Garrett Devenney, MPH '18, Wins David A. Winston Award
January 23, 2018
Beating a highly-competitive field of 70 students from universities around the country, Garrett Devenney, MPH ’18, a Drexel University Dornsife School of Public Health student, studying in the school’s department of Health Management and Policy, was awarded one of two 2018 David A. Winston Health Policy Fellowships.
“Winston Fellows are selected for their commitment to working in health policy along with demonstrating extraordinary potential to succeed and make a difference in a health policy career,” said Glenna M. Crooks, PhD, a veteran health policy expert and board member at the David A. Winston Health Policy Fellowship.
"I am extremely thrilled and grateful to have been chosen as a David A. Winston Health Policy Fellow,” Devenney said. “My policy interests include various components of Medicare and Medicaid, including financing, enrollment, and waivers, among others. I am also very passionate about vaccines and gun violence as public health issues, but I am trying to keep an open mind prior to my placement in the Fellowship.”
Devenney explained that he originally had plans to become a physician, but eventually realized that “crafting acceptable, feasible, and culturally-relevant policy can be truly transformational for communities.”

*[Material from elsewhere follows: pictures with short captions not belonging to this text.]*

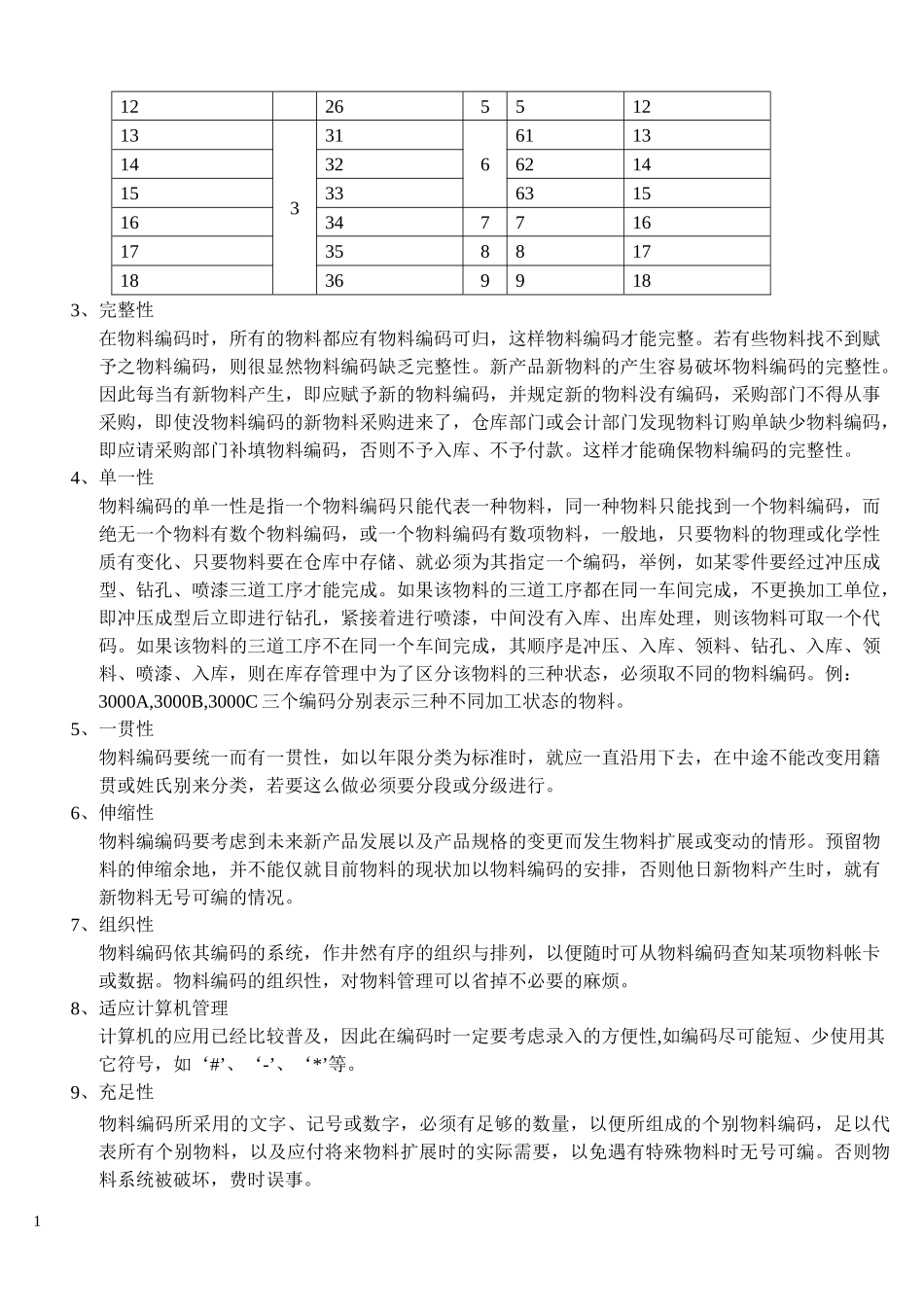 ERP系统物料编码原则概述_第2页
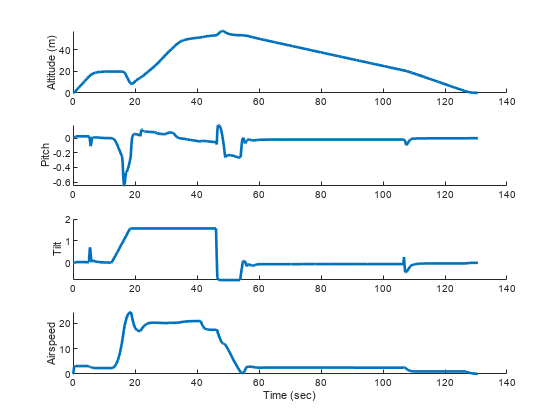Figure contains 4 axes objects. Axes object 1 with ylabel Altitude (m) contains an object of type line. Axes object 2 with ylabel Pitch contains an object of type line. Axes object 3 with ylabel Tilt contains an object of type line. Axes object 4 with xlabel Time (sec), ylabel Airspeed contains an object of type line.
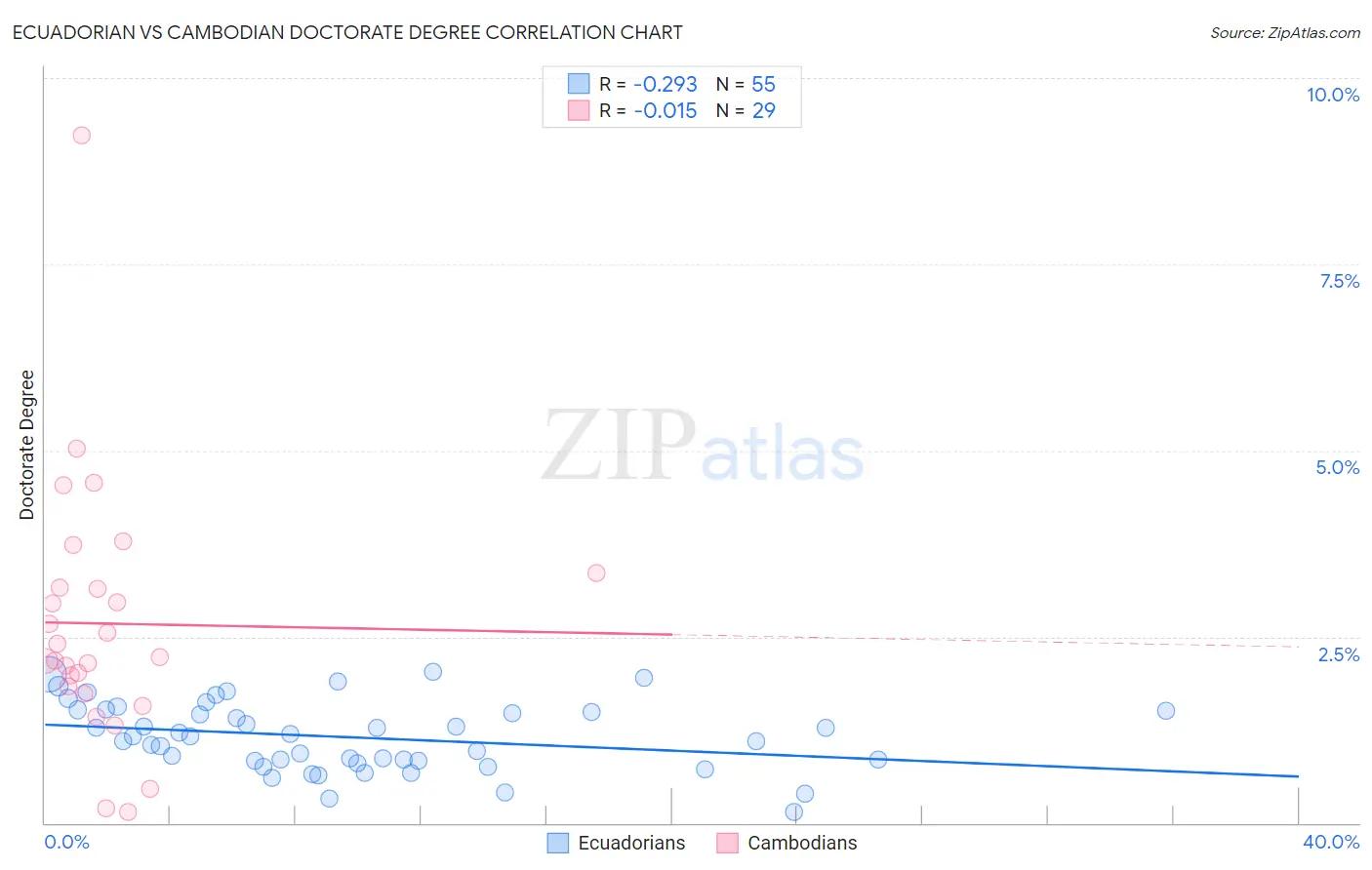 Ecuadorian vs Cambodian Doctorate Degree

The structure of the Winston program will give him a once-in-a-lifetime opportunity to see how health policies are shaped in communities of all types. For a 12-month, postgraduate term, Winston Fellows work through a rotation of at least three months during which they become engaged in a broad selection of organizations where health policy is developed at the national level.
They are also given a very rare opportunity to travel the nation to conduct informational interviews with 300 experts in health policy at the local level.
Devenney is now an intern at Merck within their Global Vaccine Policy Development team. There, he said, he is part of a group focused on “shaping the vaccine ecosystem through policy efforts at the state, federal, and international levels.” This includes working with vaccine coalitions and advocates, writing policy briefs, and engaging with external stakeholders such as the World Health Organization and the Centers for Disease Control and Prevention.
“I love the work that I do and I am excited to take the lessons from this experience and apply them to the Fellowship,” said Devenney, who was also a 2017 Winston Health Policy Scholar.